Published online by Cambridge University Press: 02 December 2010
I always used to think that publishers had to be devilish intelligent fellows, loaded down with the grey matter; but I've got their number now. All a publisher has to do is to write cheques at intervals, while a lot of deserving and industrious chappies rally round and do the real work.Bertie Wooster, in P. G. Wodehouse, Carry On, Jeeves
One of the questions publishers are asked often is “Why are books so expensive?” The answer is not simple: It involves the interacting elements of production costs and overhead, pricing and discount policies, and markets. This chapter presents a simplified explanation of these topics that should console authors and book buyers – or at least quell their suspicions. Another question that comes up often is “Are books doomed to extinction?” For the scholarly monograph, this question is as much economic as cultural. In this chapter, we look at the financial implications of publishing without paper and ink. In the final chapter, we will explore the creative possibilities of digital publishing.

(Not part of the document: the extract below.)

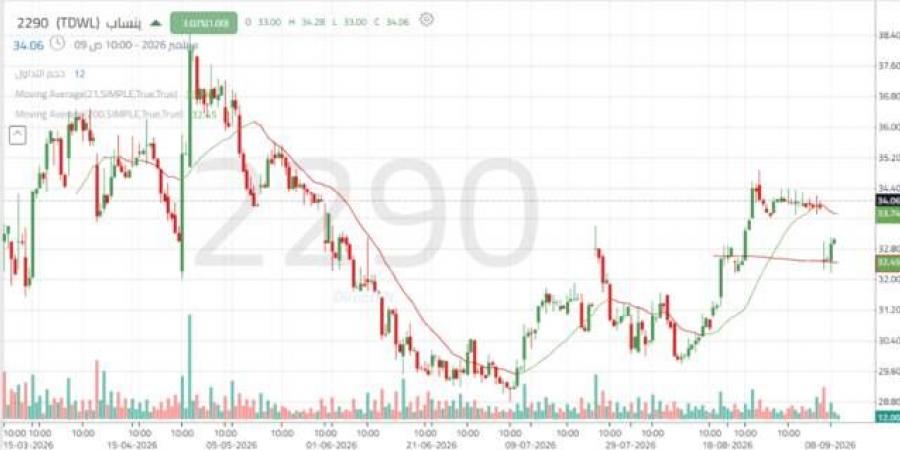 سهم "ينساب" يختبر مستويات فنية وسط تصاعد أحجام التداول واختراق مستويات المقاومة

In publishing a book, a publisher incurs direct costs and indirect costs. Direct costs are those clearly attributable to publication of a specific title, such as the cost of having the book typeset.
Indirect costs are overhead items, including rent, utilities, salaries, and supplies. They are the publisher's general operating costs: costs that must be incurred to publish any books at all but that cannot readily be assigned to a particular title in a way that is not arbitrary.